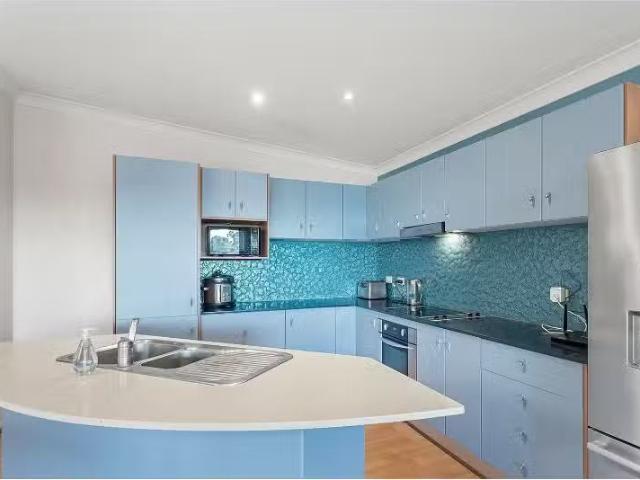 Deal! 37 Trumpeter Circuit, CORLETTE House for rent Listed by.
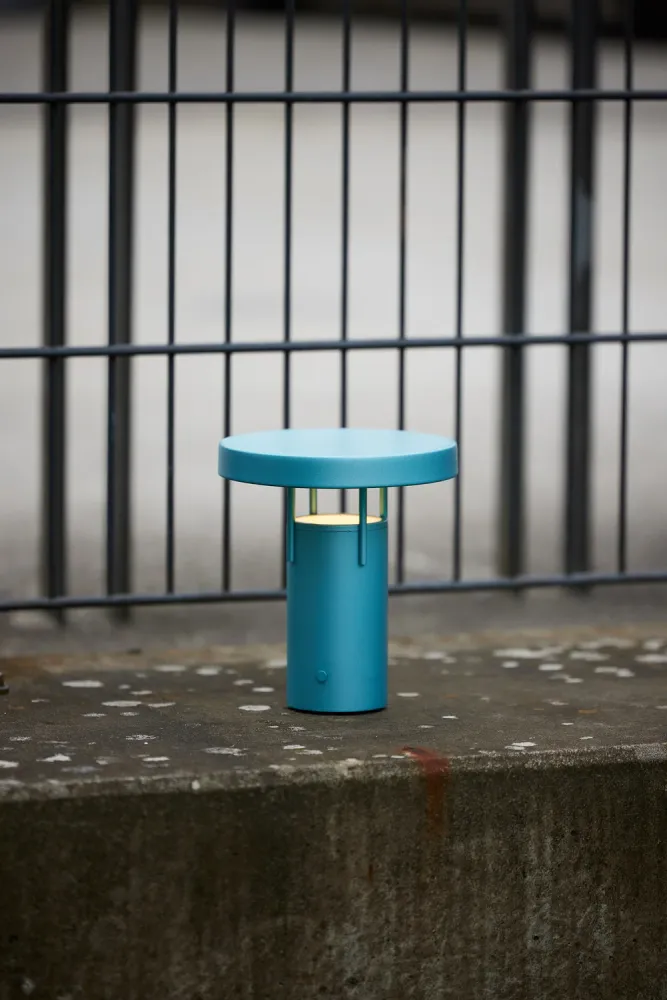 Hübsch draagbare lamp BringMe - ijzer/polycarbonaat - ø18xh20cm, led Hubsch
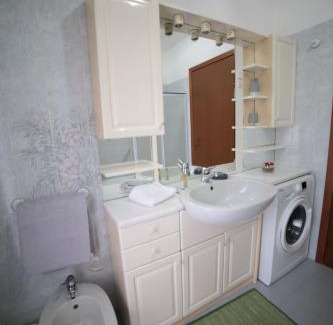 Como Apartment | La casa di Dany e Laura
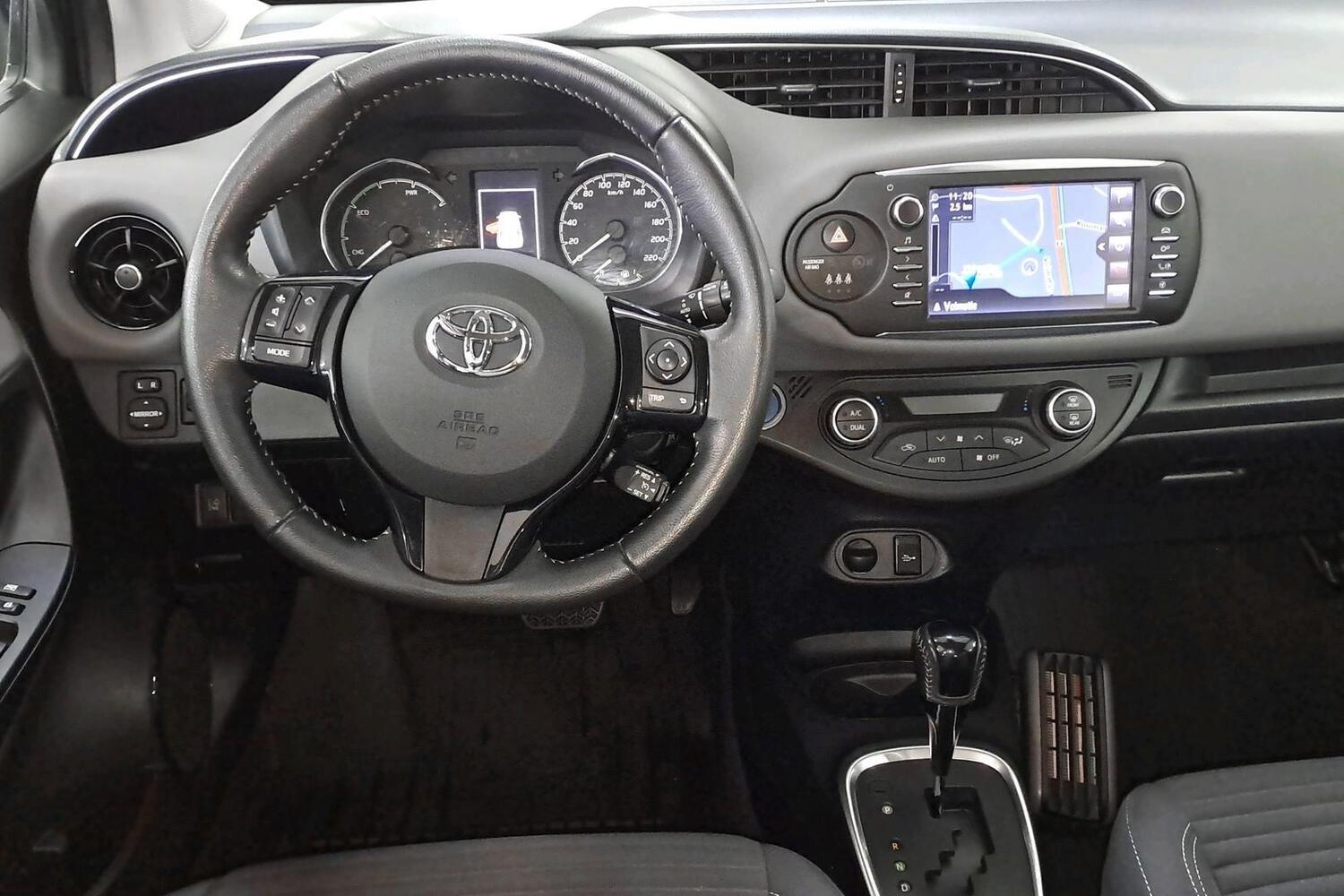 Toyota Yaris vaihtoauto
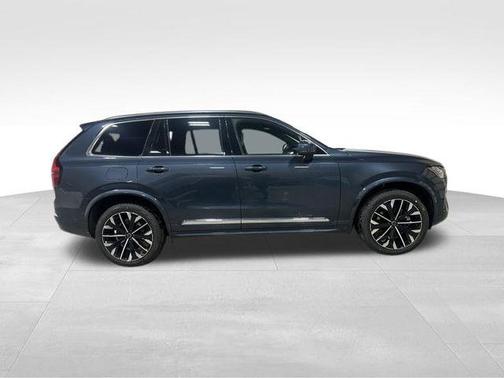 2026 Volvo XC90 B6 Plus 6-Seater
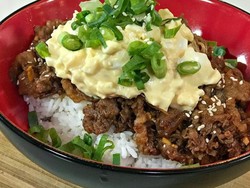 Dino Patti Djalal Bagikan 100 Korean Rice Bowl untuk yang Terdampak Pandemi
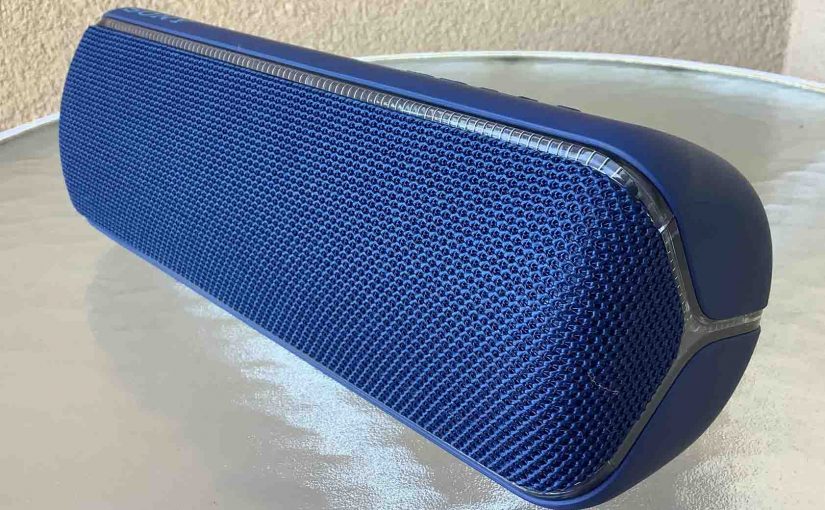 Right front view of Sony SRS XB32 speaker.
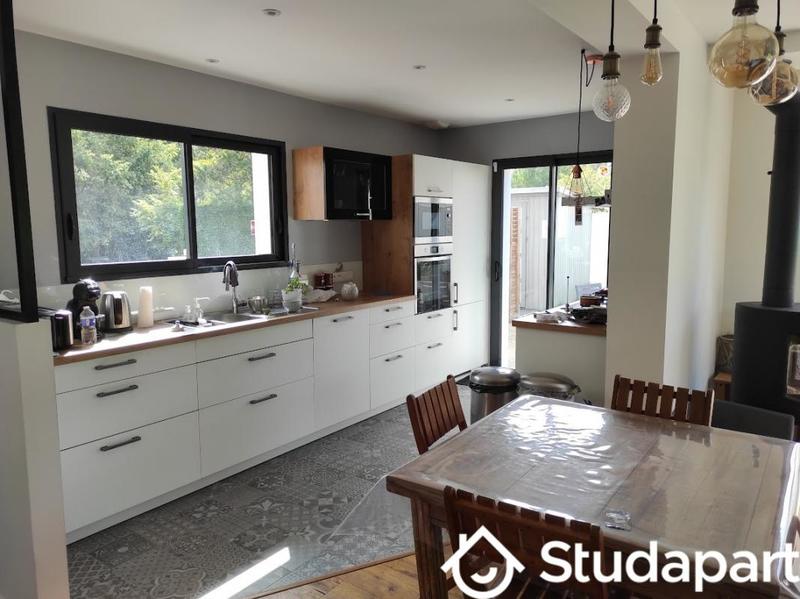 Chambre - 12 m² - 1 pièce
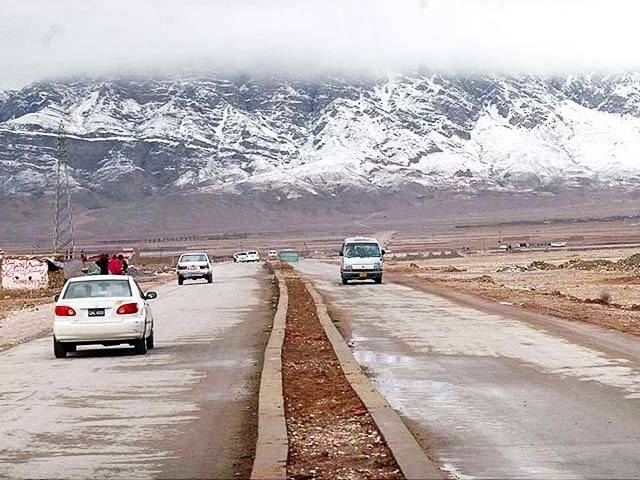 بلوچستان کے مختلف علاقوں میں بارش اور برفباری،سرد موسم میں بجلی کی بھی آنکھ مچولی شروع ،گیس پریشر کم ہونے سے لوگوں کی مشکلات میں اضافہ 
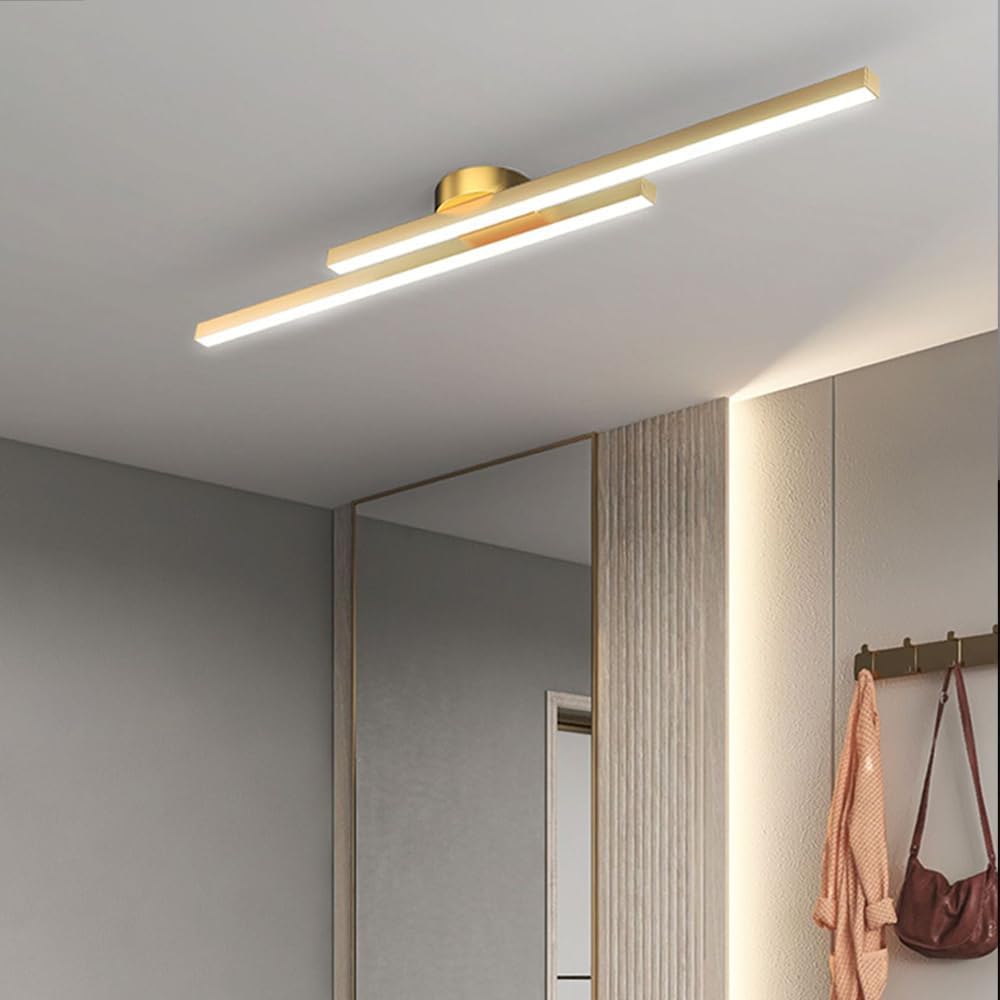 Stilfull LED taklampa i svart aluminium, dimbar för elegant inredning.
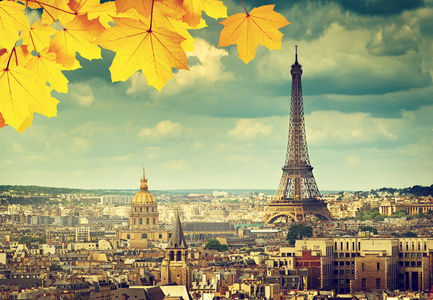 秋天的落叶，在巴黎，埃菲尔铁塔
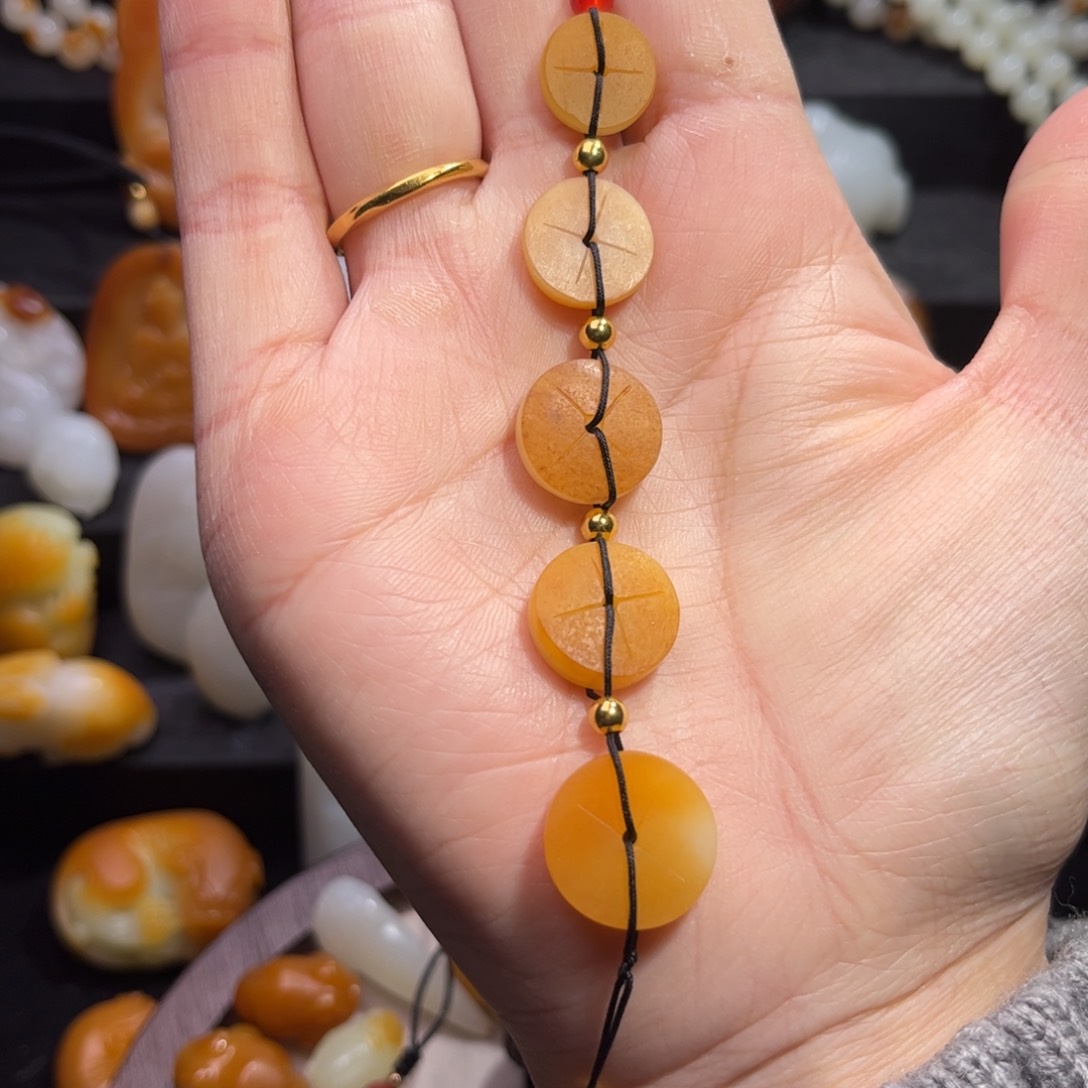 和田玉颈饰未镶嵌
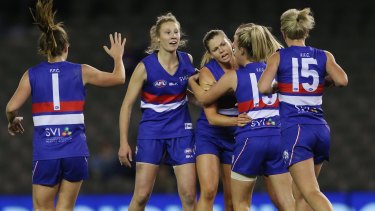 Ray S Rant It S Time For Afl Teams To Welcome Female Players
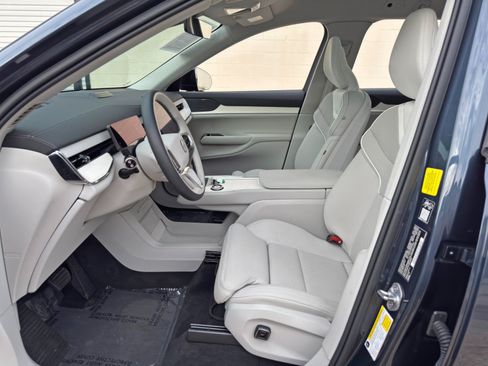 Used 2025 Volvo EX90 Ultra AWD/4WD image 17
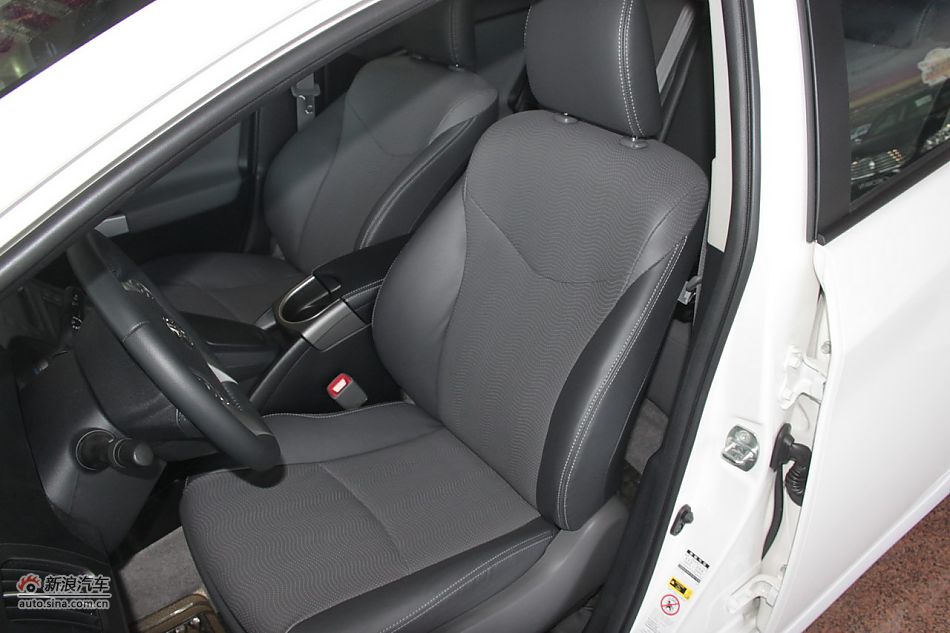 2012款普锐斯混动CVT豪华先进型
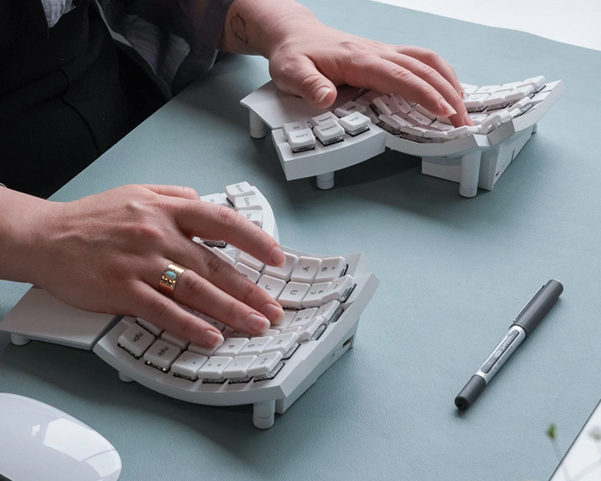 Glove80, la tastiera ergonomica che ti calza come un guanto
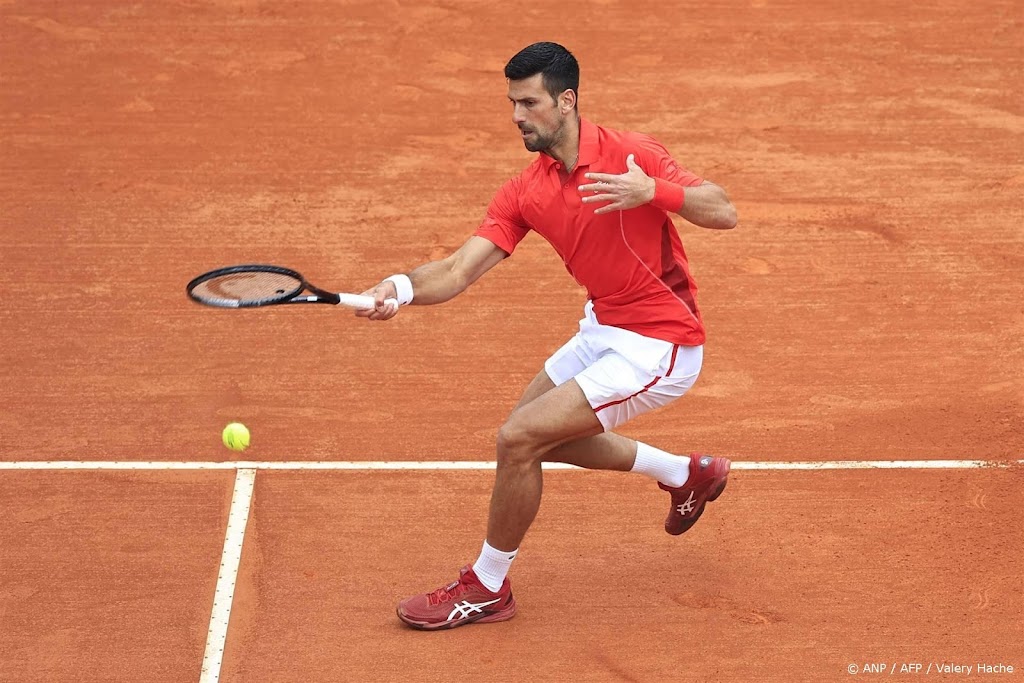 Djokovic wint eerste partij in Monte Carlo na breuk met Ivanisevic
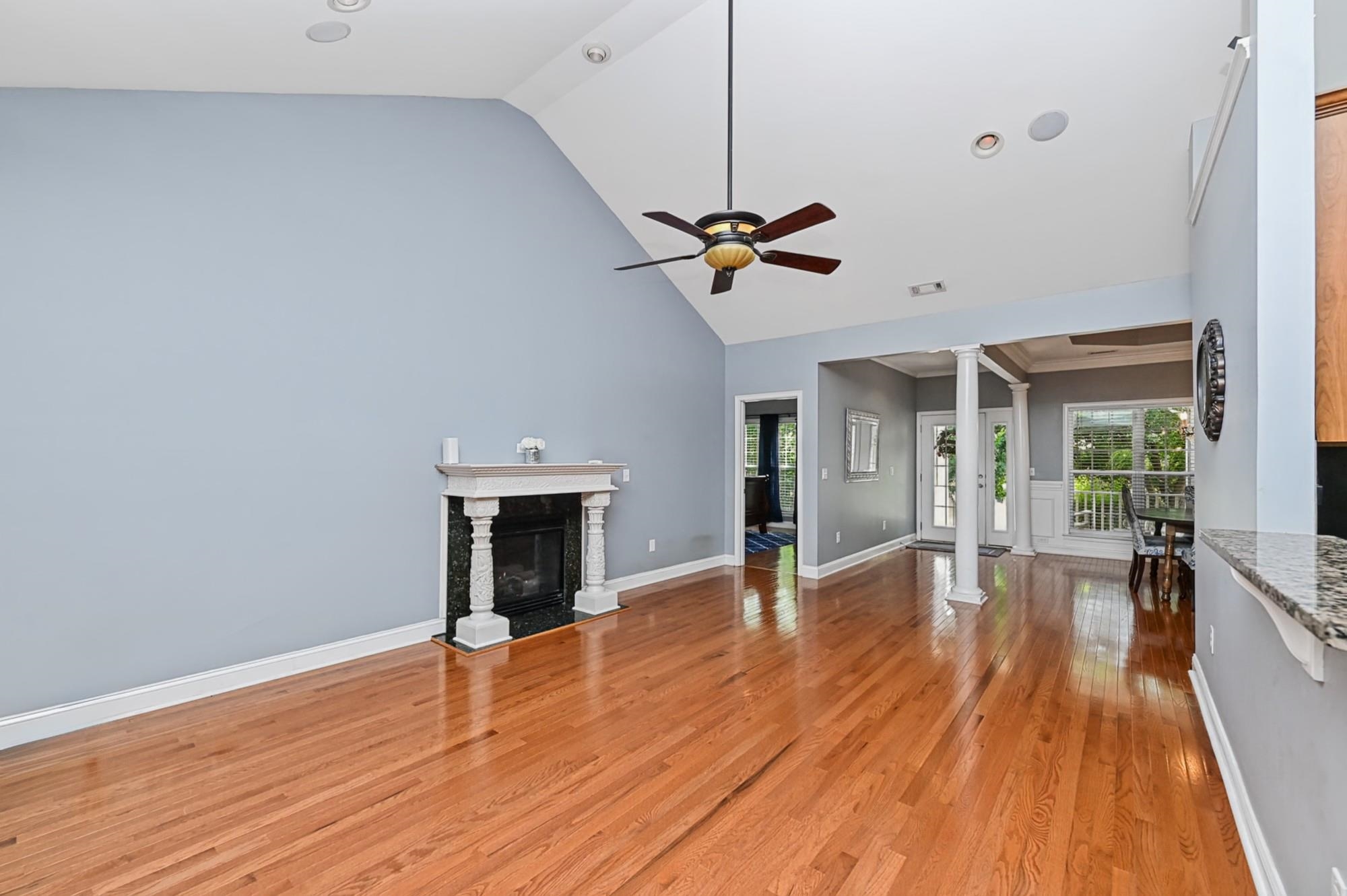 300 Gladstone Way Property Photo 5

____________________

## EXERCISE AIM
Nothing but the text is wanted: repeat the data above exactly, without its images.

## RESULT FOR THIS TASK
 Deal! 37 Trumpeter Circuit, CORLETTE House for rent Listed by.
 Hübsch draagbare lamp BringMe - ijzer/polycarbonaat - ø18xh20cm, led Hubsch
 Como Apartment | La casa di Dany e Laura
 Toyota Yaris vaihtoauto
 2026 Volvo XC90 B6 Plus 6-Seater
 Dino Patti Djalal Bagikan 100 Korean Rice Bowl untuk yang Terdampak Pandemi
 Right front view of Sony SRS XB32 speaker.
 Chambre - 12 m² - 1 pièce
 بلوچستان کے مختلف علاقوں میں بارش اور برفباری،سرد موسم میں بجلی کی بھی آنکھ مچولی شروع ،گیس پریشر کم ہونے سے لوگوں کی مشکلات میں اضافہ 
 Stilfull LED taklampa i svart aluminium, dimbar för elegant inredning.
 秋天的落叶，在巴黎，埃菲尔铁塔
 和田玉颈饰未镶嵌
 Ray S Rant It S Time For Afl Teams To Welcome Female Players
 Used 2025 Volvo EX90 Ultra AWD/4WD image 17
 2012款普锐斯混动CVT豪华先进型
 Glove80, la tastiera ergonomica che ti calza come un guanto
 Djokovic wint eerste partij in Monte Carlo na breuk met Ivanisevic
 300 Gladstone Way Property Photo 5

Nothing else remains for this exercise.